-2

In both statements, I am appending a character "a" to the string s:

  1. s += "a"
  2. s = s + "a"

Which statement has the better time complexity in Python?

ruohola
  • 21,987
  • 6
  • 62
  • 97

2 Answers2

8

They have the same time complexity.

In the general Python standard defined case: They both have the same time complexity of O(n), where n is the length of string s.

In practice, with the CPython implementation: They can in some cases both be O(1), because of an optimization that the interpreter can do when it detects that s is the only reference to the string in question.
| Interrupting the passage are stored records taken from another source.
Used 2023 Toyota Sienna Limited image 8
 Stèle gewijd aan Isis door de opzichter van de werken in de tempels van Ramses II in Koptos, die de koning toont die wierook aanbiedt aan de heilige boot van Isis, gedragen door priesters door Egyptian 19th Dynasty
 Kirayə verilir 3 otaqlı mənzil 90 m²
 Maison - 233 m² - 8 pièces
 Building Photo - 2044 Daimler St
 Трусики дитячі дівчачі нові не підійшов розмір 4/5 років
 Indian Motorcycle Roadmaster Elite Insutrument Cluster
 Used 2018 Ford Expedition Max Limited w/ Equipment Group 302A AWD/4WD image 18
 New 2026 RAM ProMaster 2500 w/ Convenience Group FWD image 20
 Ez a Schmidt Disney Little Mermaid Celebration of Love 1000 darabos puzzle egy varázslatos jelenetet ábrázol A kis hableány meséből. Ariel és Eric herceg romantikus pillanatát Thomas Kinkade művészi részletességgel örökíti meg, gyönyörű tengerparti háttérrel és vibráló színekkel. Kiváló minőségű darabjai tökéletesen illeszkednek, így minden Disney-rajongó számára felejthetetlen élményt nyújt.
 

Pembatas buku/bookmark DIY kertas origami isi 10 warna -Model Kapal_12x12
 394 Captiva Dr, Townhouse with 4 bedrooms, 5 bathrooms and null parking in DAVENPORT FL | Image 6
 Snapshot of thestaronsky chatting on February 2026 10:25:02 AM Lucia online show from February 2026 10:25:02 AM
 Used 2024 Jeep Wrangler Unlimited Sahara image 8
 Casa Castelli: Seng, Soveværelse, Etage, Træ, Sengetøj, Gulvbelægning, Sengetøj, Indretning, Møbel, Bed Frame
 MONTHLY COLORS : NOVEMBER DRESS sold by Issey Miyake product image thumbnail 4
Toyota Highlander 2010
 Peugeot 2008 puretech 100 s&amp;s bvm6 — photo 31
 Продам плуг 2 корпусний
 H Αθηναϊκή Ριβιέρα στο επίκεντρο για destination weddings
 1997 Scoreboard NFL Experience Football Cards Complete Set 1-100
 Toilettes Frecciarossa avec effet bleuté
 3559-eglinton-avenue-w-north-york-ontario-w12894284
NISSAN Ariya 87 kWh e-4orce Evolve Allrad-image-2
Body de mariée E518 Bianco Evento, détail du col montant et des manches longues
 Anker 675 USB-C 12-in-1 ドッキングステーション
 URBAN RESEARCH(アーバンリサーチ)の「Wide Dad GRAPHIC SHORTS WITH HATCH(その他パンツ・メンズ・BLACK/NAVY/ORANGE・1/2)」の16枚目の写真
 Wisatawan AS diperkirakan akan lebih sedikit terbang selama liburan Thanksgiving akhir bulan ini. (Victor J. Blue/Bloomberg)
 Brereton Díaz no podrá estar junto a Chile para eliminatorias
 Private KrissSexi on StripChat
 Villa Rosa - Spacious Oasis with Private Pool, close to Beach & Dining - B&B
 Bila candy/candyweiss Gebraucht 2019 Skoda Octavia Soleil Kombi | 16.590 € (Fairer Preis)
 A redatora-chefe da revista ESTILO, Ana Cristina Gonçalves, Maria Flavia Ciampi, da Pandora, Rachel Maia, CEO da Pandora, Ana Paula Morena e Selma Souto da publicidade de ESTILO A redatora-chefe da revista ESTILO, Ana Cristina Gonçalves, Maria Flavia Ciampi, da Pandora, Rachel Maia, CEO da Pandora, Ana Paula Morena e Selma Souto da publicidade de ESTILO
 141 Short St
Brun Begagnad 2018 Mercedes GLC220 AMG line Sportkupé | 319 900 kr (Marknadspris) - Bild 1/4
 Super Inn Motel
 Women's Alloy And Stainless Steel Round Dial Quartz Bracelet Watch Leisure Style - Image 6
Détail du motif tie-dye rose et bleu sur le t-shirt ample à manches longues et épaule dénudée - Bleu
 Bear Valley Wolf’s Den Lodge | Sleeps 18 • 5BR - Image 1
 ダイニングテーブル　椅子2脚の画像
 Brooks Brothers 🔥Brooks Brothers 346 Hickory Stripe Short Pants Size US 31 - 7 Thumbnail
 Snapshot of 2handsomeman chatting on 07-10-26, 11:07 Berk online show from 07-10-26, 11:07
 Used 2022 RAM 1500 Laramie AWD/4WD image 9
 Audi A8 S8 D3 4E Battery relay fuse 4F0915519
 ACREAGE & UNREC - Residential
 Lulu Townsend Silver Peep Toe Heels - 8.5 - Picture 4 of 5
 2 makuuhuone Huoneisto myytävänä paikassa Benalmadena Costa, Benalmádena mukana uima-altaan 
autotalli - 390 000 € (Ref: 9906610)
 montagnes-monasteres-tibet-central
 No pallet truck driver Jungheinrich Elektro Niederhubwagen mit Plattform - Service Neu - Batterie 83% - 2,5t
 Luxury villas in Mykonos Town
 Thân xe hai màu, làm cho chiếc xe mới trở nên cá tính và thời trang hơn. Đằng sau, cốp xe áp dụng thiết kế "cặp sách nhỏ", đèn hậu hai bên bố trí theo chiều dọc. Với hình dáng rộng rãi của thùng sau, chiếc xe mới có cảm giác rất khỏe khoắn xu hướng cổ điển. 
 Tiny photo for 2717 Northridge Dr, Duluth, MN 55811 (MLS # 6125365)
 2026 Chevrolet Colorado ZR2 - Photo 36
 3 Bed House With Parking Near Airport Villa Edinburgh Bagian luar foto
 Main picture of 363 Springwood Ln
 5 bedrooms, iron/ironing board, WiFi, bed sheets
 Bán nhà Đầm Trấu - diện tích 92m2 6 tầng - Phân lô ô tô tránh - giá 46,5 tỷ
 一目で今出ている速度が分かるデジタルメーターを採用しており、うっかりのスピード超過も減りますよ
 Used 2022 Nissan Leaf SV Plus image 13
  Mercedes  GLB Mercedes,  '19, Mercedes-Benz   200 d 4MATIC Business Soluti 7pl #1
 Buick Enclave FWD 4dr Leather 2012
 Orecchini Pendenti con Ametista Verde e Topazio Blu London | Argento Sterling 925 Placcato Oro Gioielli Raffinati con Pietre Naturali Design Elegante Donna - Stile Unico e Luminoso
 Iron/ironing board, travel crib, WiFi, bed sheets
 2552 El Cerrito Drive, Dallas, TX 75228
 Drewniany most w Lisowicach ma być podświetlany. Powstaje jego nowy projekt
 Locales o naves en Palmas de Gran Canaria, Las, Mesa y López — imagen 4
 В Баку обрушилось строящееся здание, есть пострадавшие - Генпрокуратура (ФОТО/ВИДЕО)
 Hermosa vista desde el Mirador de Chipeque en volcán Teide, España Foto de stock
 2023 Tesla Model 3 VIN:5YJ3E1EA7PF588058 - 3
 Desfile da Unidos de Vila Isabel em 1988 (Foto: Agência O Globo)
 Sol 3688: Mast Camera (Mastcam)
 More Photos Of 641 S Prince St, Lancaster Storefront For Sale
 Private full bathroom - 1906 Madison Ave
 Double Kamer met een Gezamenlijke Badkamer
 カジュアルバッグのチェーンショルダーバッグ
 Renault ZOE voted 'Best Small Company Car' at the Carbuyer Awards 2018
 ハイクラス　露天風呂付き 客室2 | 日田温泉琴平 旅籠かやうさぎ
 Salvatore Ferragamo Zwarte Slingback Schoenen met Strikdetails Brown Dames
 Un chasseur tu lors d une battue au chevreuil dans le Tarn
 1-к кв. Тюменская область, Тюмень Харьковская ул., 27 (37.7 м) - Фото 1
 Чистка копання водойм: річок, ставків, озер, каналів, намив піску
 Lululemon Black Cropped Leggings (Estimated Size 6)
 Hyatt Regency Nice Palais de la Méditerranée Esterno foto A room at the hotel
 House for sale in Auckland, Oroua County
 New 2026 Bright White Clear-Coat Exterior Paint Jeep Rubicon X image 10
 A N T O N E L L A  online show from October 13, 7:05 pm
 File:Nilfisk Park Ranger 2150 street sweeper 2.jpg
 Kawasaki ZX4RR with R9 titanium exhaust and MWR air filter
Demo (using Python 3.10.1):

O(1) (optimization in play):

String of length 10⁹, using +=:

$ python -m timeit --setup='s = "s" * 10**9' 's += "a"'
5000000 loops, best of 5: 96.6 nsec per loop

String of length 10⁹, using +:

$ python -m timeit --setup='s = "s" * 10**9' 's = s + "a"'
5000000 loops, best of 5: 95.5 nsec per loop

String of length 1, using +=:

$ python -m timeit --setup='s = "s"' 's += "a"'
5000000 loops, best of 5: 97 nsec per loop

String of length 1, using +:

$ python -m timeit --setup='s = "s"' 's = s + "a"'
5000000 loops, best of 5: 97.9 nsec per loop

O(n) (optimization doesn't apply):

String of length 10⁹, optimization doesn't apply, using +=:

$ python -m timeit --setup='s = "s" * 10**9; b = s' 's += "a"'
1 loop, best of 5: 440 msec per loop

String of length 10⁹, optimization doesn't apply, using +:

$ python -m timeit --setup='s = "s" * 10**9; b = s' 's = s + "a"'
1 loop, best of 5: 445 msec per loop

String of length 1, optimization doesn't apply, using +=:

$ python -m timeit --setup='s = "s"; b = s' 's += "a"'
5000000 loops, best of 5: 85.8 nsec per loop

String of length 1, optimization doesn't apply, using +:

$ python -m timeit --setup='s = "s"; b = s' 's = s + "a"'
5000000 loops, best of 5: 84.8 nsec per loop

More info about the time complexity of string concatenation: https://stackoverflow.com/a/37133870/9835872 https://stackoverflow.com/a/34008199/9835872

ruohola
  • 21,987
  • 6
  • 62
  • 97
  • 1
    A note: The optimization in CPython isn't actually in `str.__add__` or `str.__iadd__` (the latter doesn't even exist; `__add__` is seamlessly used when `+=` is used and `__iadd__` doesn't exist). The optimization is baked into the interpreter's bytecode evaluation loop which checks for update-in-place cases, performs some evil reference manipulation if so, then devolves to `PyUnicode_Append`, which recognizes when it can modify in place (only because the interpreter cleared the target reference first). The *actual* `str.__add__` doesn't use `PyUnicode_Append`, and *can't* use the optimization. – ShadowRanger Dec 27 '21 at 20:39
  • Thanks @ShadowRanger, fixed my answer a bit! Really interesting stuff – ruohola Dec 27 '21 at 20:41
  • 1
    You're welcome! Note: Even that explanation will change in the future; it's accurate as of 3.10, but it looks like 3.11 will do some *crazy* stuff with runtime adaptive bytecodes and the like (`BINARY_ADD` goes away, in favor of `BINARY_OP_ADD_INT`, `BINARY_OP_ADD_FLOAT` and `BINARY_OP_ADD_UNICODE`, which can all devolve to a plain `BINARY_OP` pathway when exact types don't match), and it looks like, at least at time of writing, they completely removed hack to operate in place (even for `BINARY_OP_ADD_UNICODE`), so this code may get *much* slower in 3.11 unless they add the hack back in. – ShadowRanger Dec 27 '21 at 20:46
  • 1
    Looks like the optimization still exists, I just missed the addition of `BINARY_OP_INPLACE_ADD_UNICODE`, which uses the same hackery as the older code path, so the performance should remain the same (or be slightly better by only even trying it when the code path is one that can actually trigger the optimization). The optimization does look like it might be disabled for the `s = s + "a"` case though (unless the bytecode compiler actually recognizes that pattern and replaces it with `s += "a"`, but that seems stupid dangerous since it would change behavior for non-strings). – ShadowRanger Dec 27 '21 at 20:59
1

Strings in Python are immutable, so whenever you "append" to s, Python makes a copy of s and appends the new character, effectively taking O(n) time complexity for both.

imaique
  • 60
  • 2